(Beginning of Entries supplied)

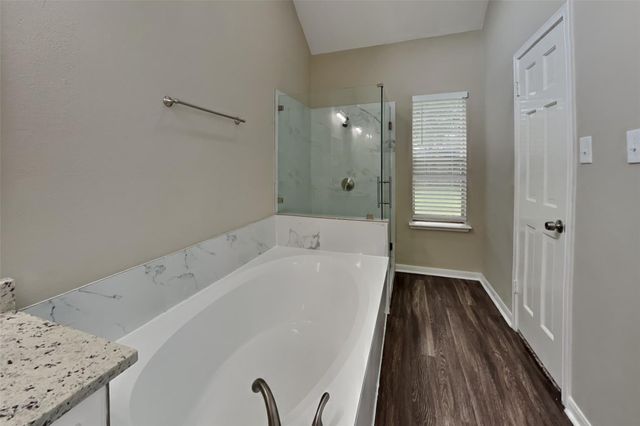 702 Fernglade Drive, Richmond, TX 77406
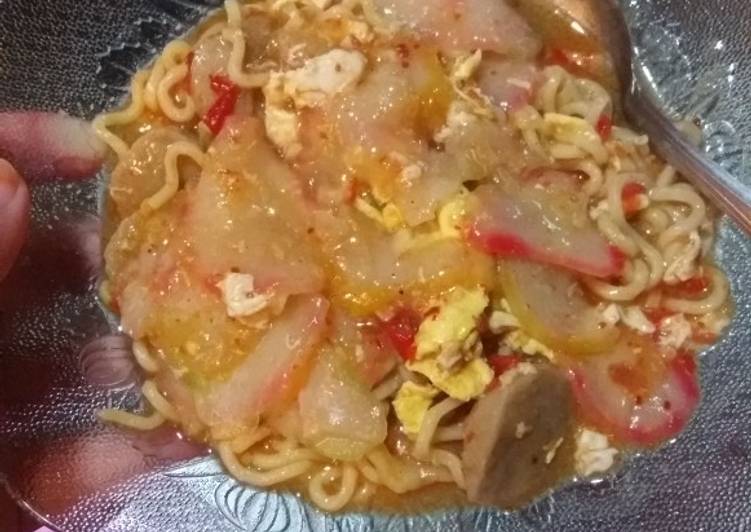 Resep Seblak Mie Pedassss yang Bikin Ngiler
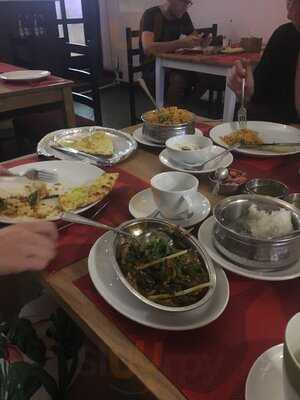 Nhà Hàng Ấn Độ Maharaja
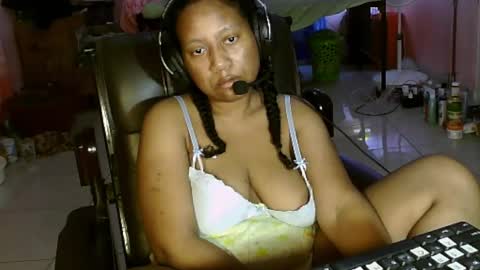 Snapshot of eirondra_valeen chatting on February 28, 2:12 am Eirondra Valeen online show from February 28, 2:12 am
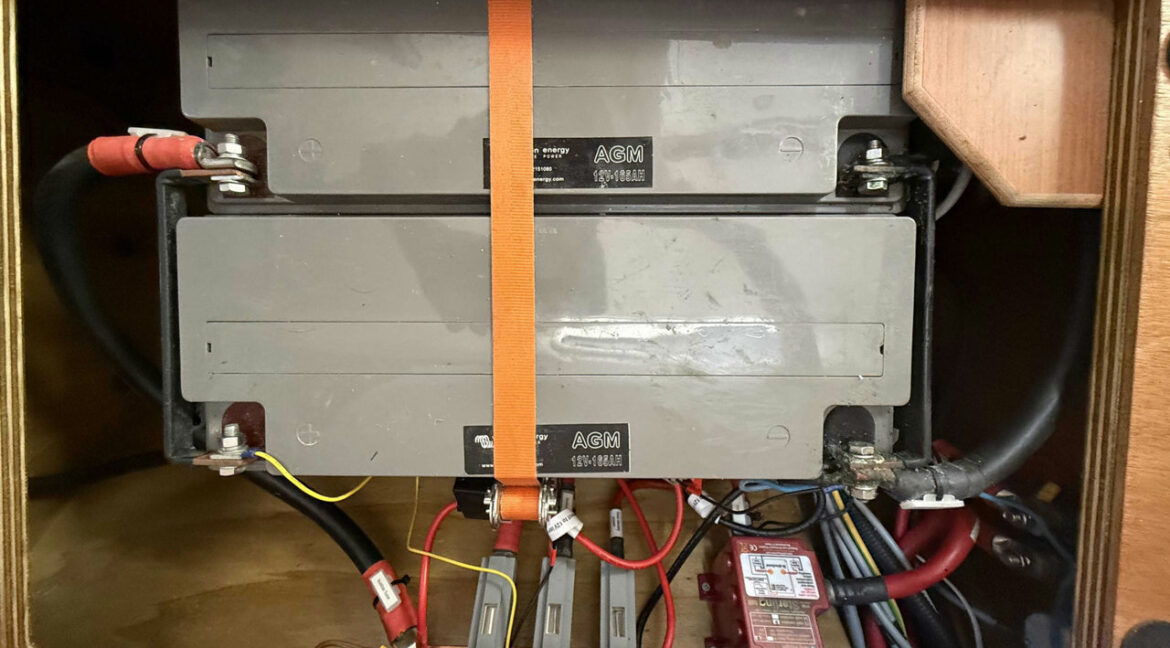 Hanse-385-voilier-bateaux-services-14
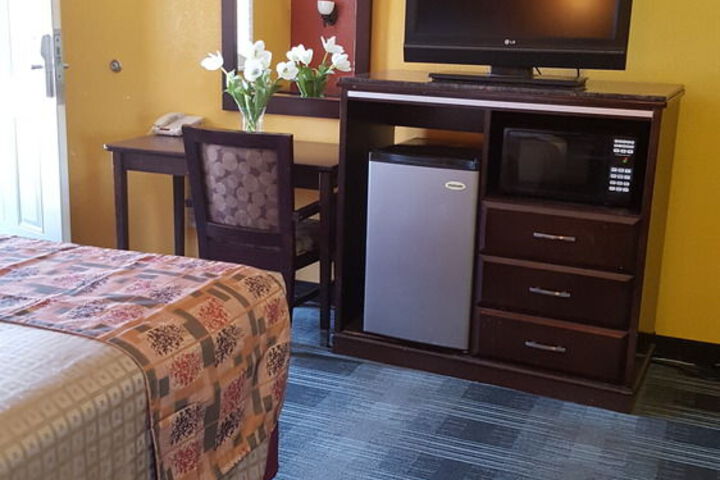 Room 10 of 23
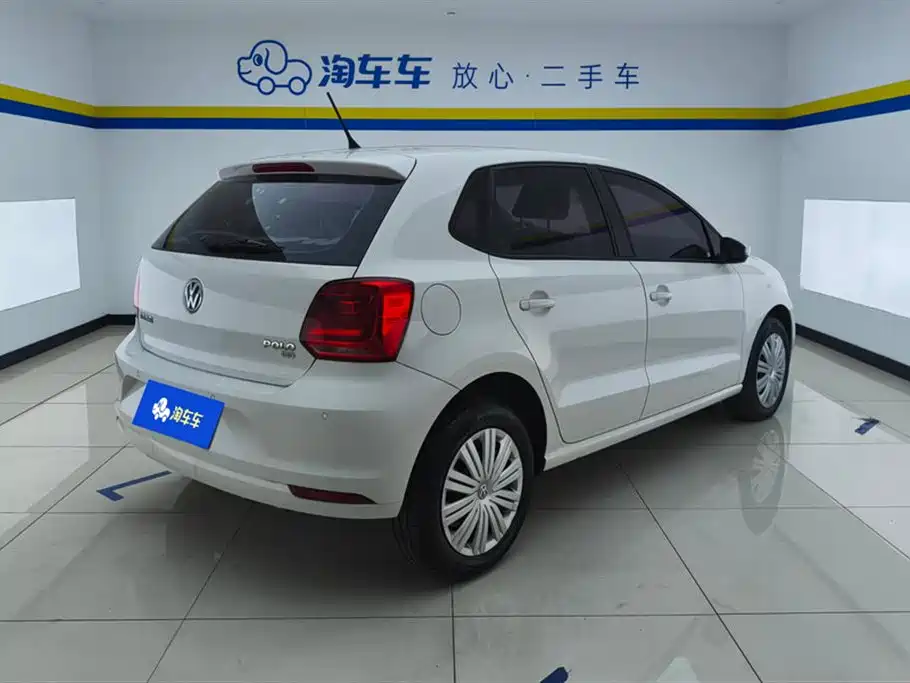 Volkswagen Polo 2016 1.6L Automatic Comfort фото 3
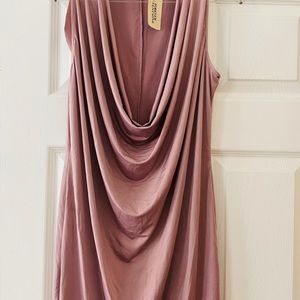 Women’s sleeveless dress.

(End of Entries supplied)
(Beginning of Entries supplied)

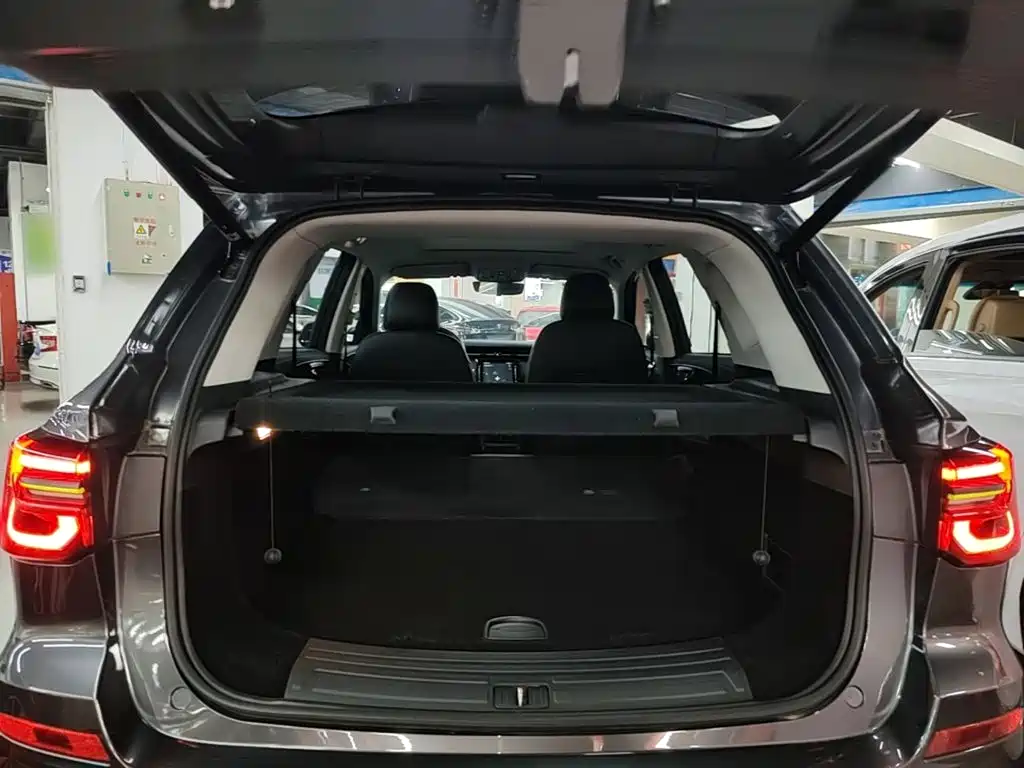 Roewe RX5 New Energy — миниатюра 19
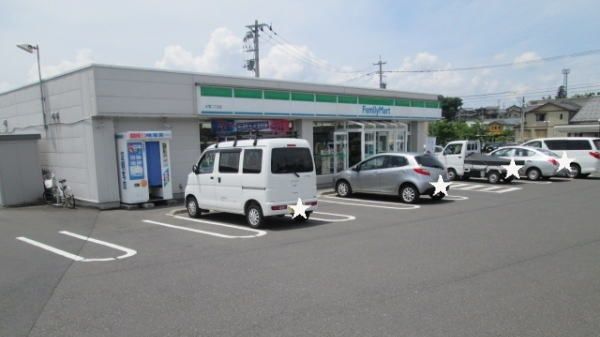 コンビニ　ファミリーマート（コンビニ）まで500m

(End of Entries supplied)
(Beginning of Entries supplied)

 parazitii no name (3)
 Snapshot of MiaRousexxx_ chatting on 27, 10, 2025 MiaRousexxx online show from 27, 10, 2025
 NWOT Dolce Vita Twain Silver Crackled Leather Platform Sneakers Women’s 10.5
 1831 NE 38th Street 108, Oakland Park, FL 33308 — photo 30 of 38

(End of Entries supplied)

Problem details: Which lines above run from the one containing "parazitii no name (3)" to the one containing "1831 NE 38th"? Give them again exactly, both ends included.

Your solution:
 parazitii no name (3)
 Snapshot of MiaRousexxx_ chatting on 27, 10, 2025 MiaRousexxx online show from 27, 10, 2025
 NWOT Dolce Vita Twain Silver Crackled Leather Platform Sneakers Women’s 10.5
 1831 NE 38th Street 108, Oakland Park, FL 33308 — photo 30 of 38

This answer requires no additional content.